Opening together with Traverser la nuit was Gabinete, the new venue at maat intended to expand and diversify the creative responses to the work of artists in the EDP Foundation Portuguese Art Collection and the contemporary art scene. Gabinete provides these artists with a freer space in which to experiment with new formats and show previously unseen work or work that runs parallel to their studio practices. The first artist to exhibit in Gabinete is Luisa Cunha (Lisbon, 1949) with the sound work Não [No] (2018), which was recently acquired for the collection.
Urban Cultures: Prisma and Interferences
Prisma by the Portuguese artist Alexandre Farto, aka Vhils, unveiled today at maat, is a monumental and unexpected work that relies solely on video, a language that the artist has been increasingly exploring. This large-scale installation, comprising slow-motion footage—images of everyday life in nine major cities (Beijing, Cincinnati, Hong Kong, Lisbon, Los Angeles, Macao, Mexico City, Paris and Shanghai)—projected on screens, transforms the museum’s Oval Gallery into a veritable urban labyrinth that affords visitors a truly immersive experience in a construction that manipulates and distorts the effects of space, scale and light.
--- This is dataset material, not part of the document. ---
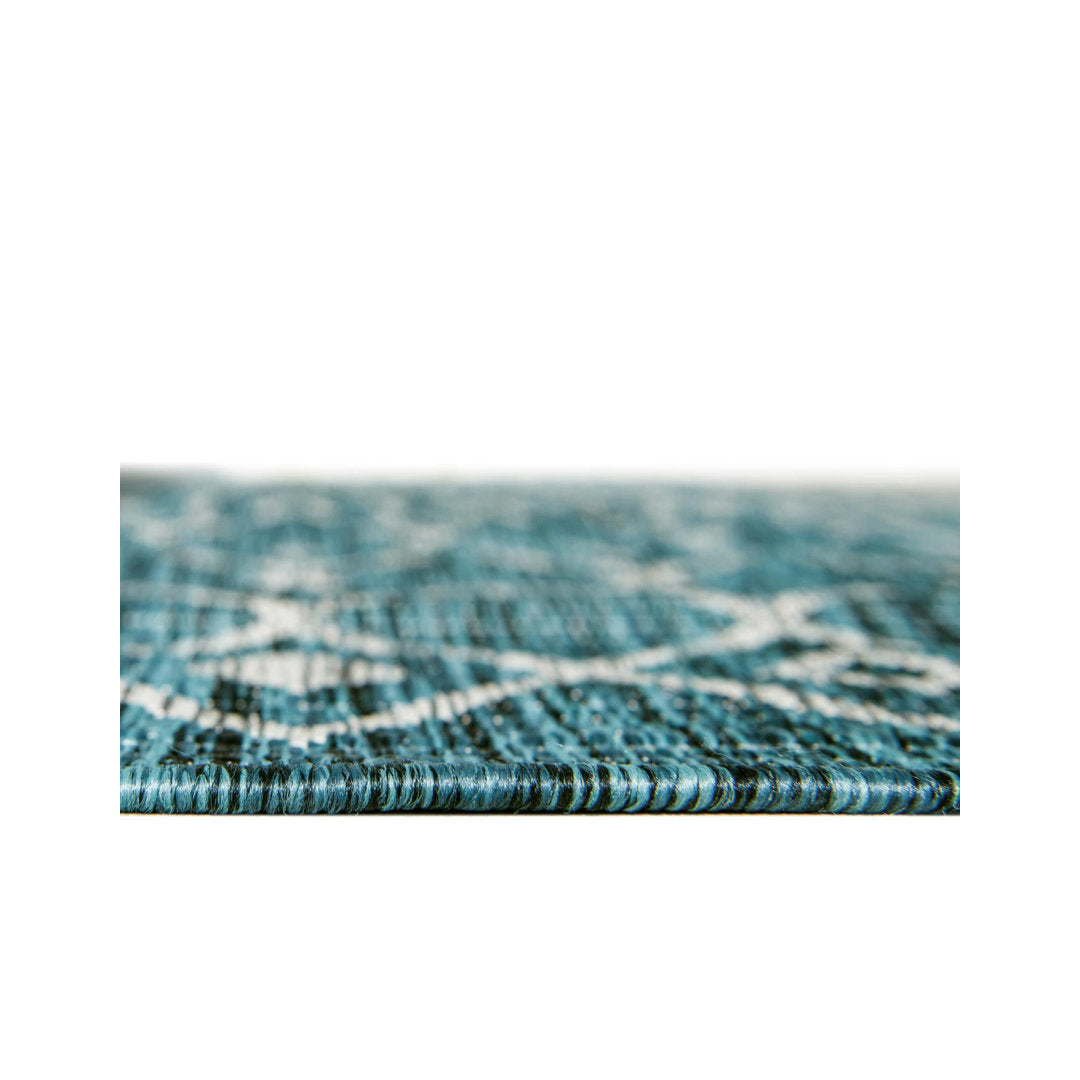 Innsbrook Southwestern Power Loom Teal Indoor/Outdoor Area Rug Laurel Foundry Modern Farmhouse® Rug Size: Round 10'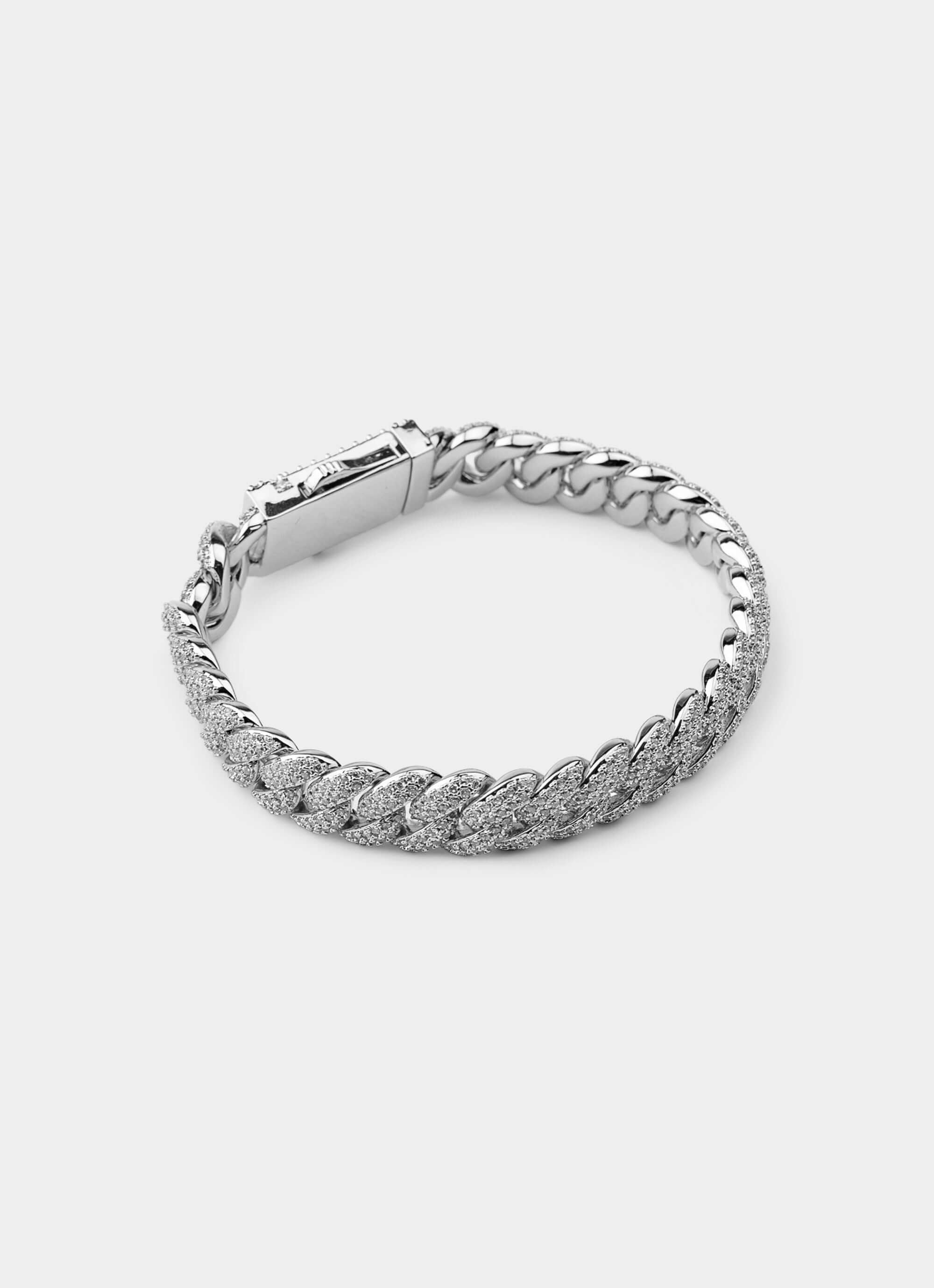 palladium plated bracelet – 8in length – Vendetta Jewellery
Based on explorations of urban cultures, the group exhibition Interferences, curated by Alexandre Farto, António Brito Guterres and Carla Cardoso, also addresses various themes that structure the design of the metropolis, engaging in dialogues with the latter and its actors. The cultural diversity that characterises Lisbon does not soften the many stories of a segmented and antagonistic metropolis. This exhibition affirms different expressions of urban culture, exploring narrative itineraries of the city in a conversation that prioritises the museum as a critical space where various communities and sensibilities come together as a starting point for new beginnings. maat will therefore be a platform for attempted utopias, timeless struggles, emerging tensions and stories told and yet to be told.
As part of Interferences, a collective mural entitled Painel do Mercado do Povo (The People’s Market Panel) by the Movimento Democrático dos Artistas Plásticos [Artists for Democracy Movement] on June 10, 1974 will be reinterpreted. This project will take place in maat’s gardens and will be included in the celebrations of the 50th anniversary of the Revolution of the Carnations (25 April 1974) beginning in 2022. Forty-eight artists will be invited, some of whom helped to create the original panel, artists from the exhibition and others who have carved a prominent place in the Portuguese art scene over the last 50 years of democracy.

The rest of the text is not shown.